Hi Teresa,
I'm sorry that I cannot give you a definitive answer. I should admit that when adding PCA methods to Larch and XAS Viewer (which I invite you to try out), I tried to follow the scikit-learn approach but also to follow the Athena implementation. I think I never tried to test against the results from SixPack. FWIW, Larch only does (easily) PCA on normalized mu(E) or its derivative. I suppose PCA on chi(k) could be added, but I'm a bit sort of skeptical of this.
In fact, the code at
https://github.com/xraypy/xraylarch/blob/master/larch/math/pca.py (and, just to be clear, having this both in Python and publicly available is motivated by having these conversations of "what does it do?") has a few different methods to train a PCA set: one directly from scikit-learn, one basically reproducing Demeter's PCA.pm (modulo slight differences in underlying math libraries, which should be insignificant), one that aims to use only non-negative components (not really worth in my opinion), and one that is sort of hand-coded and including the IND statistic. I don't know what SixPack does.

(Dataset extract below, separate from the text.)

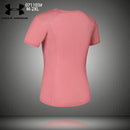 T-SHIRT UNDER ARMOUR MULHER - ROSA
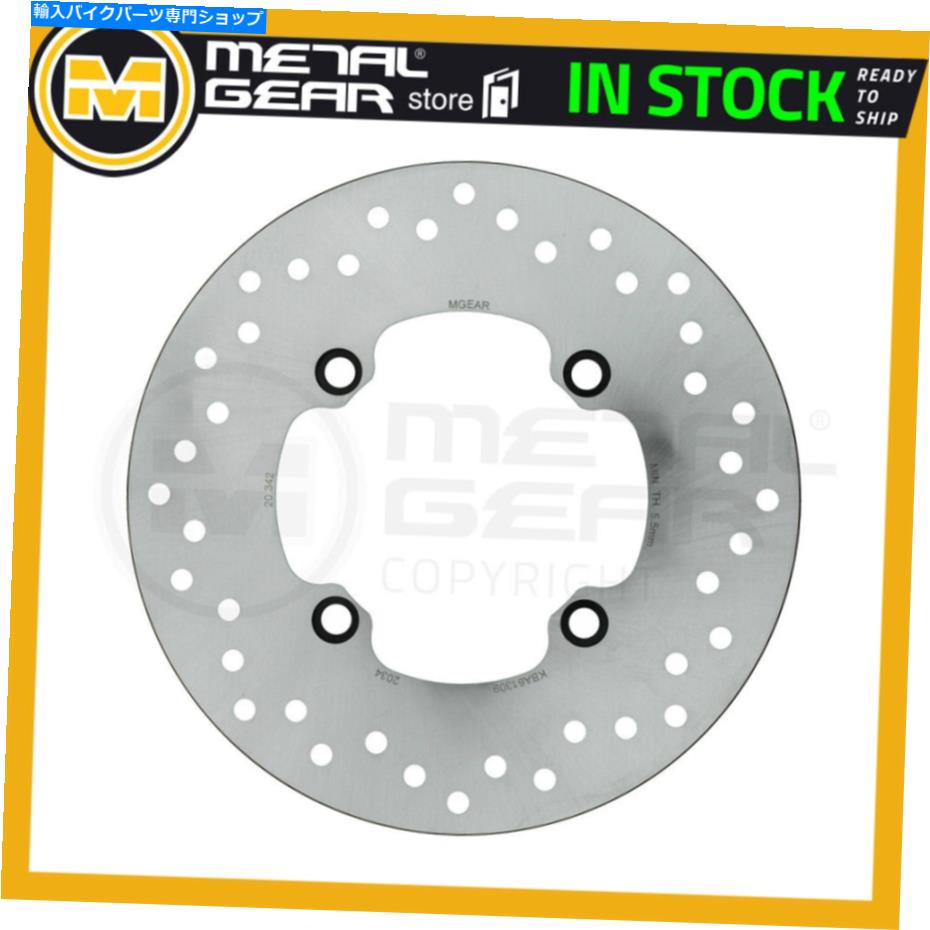 Brake Disc Rotors Honda FJS 600 Silverwing 2001 2002用ブレーキディスクローターリア Brake Disc Rotor Rear for HONDA FJS 600 Silverwing 2001 2002【並行輸入品】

I cannot really explain why, but the default "readily exposed in Larch XAS Viewer" is to use the hand-coded version of `pca_train`. In fact, they should be all more or less interchangeable. I did some tests with these but that was now several years ago, but it might be worth trying that again. If you're up for that, please do try. If not and would like to send your project and an outline of what you get, I might be able to look at this too.
For "target transformation", this is implemented as `pca_fit`: how well can a data set be explained by the first N components of a training model?
For fit statistics: I have seen "SPOIL" used several places in the EXAFS literature but am afraid I do not actually know of a definition for this. If anyone can explain what these are, that would be helpful. Larch can calculate the F1 and IND statistics that are more common in the PCA literature. XAS Viewer exposes and automatically plots IND - it's a very useful way to select how many components are significant.
I'm pretty sure that does not answer your actual question, but maybe it will be helpful. If you or anyone else has suggestions for additions, improvements, or other optional methods or statistics for PCA and/or related methods, please let me know.